What the task requires:
The copy you give must match the listing below exactly and contain no pictures.

::: Recorded data :::

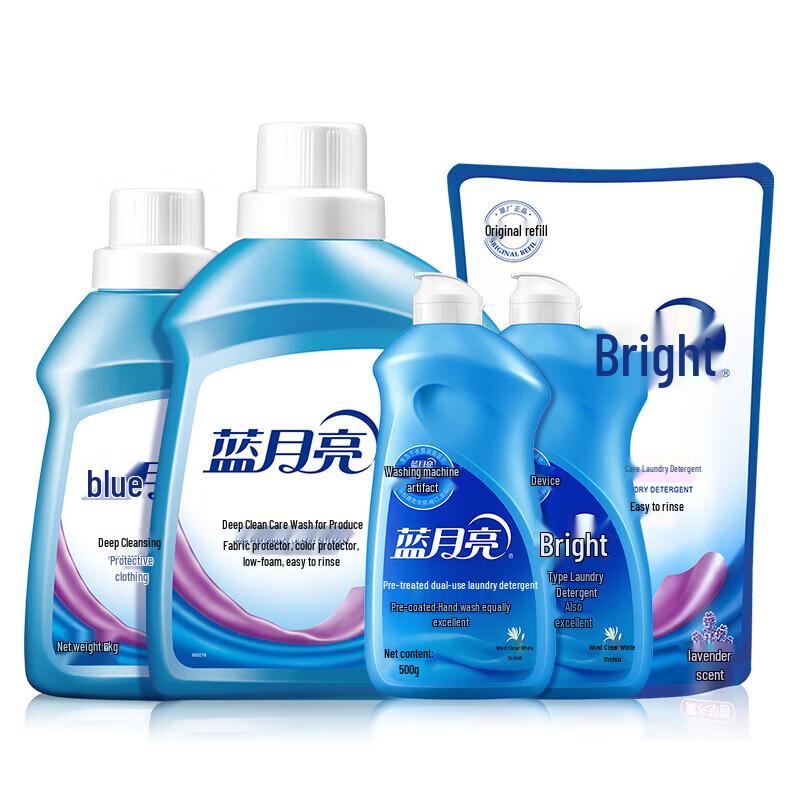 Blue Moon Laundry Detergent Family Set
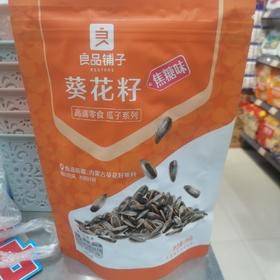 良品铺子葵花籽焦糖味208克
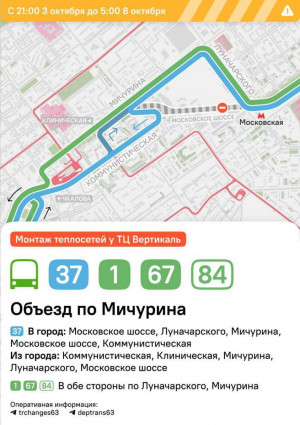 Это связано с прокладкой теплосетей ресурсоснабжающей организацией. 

:::

Output below:
 Blue Moon Laundry Detergent Family Set
 良品铺子葵花籽焦糖味208克
 Это связано с прокладкой теплосетей ресурсоснабжающей организацией. 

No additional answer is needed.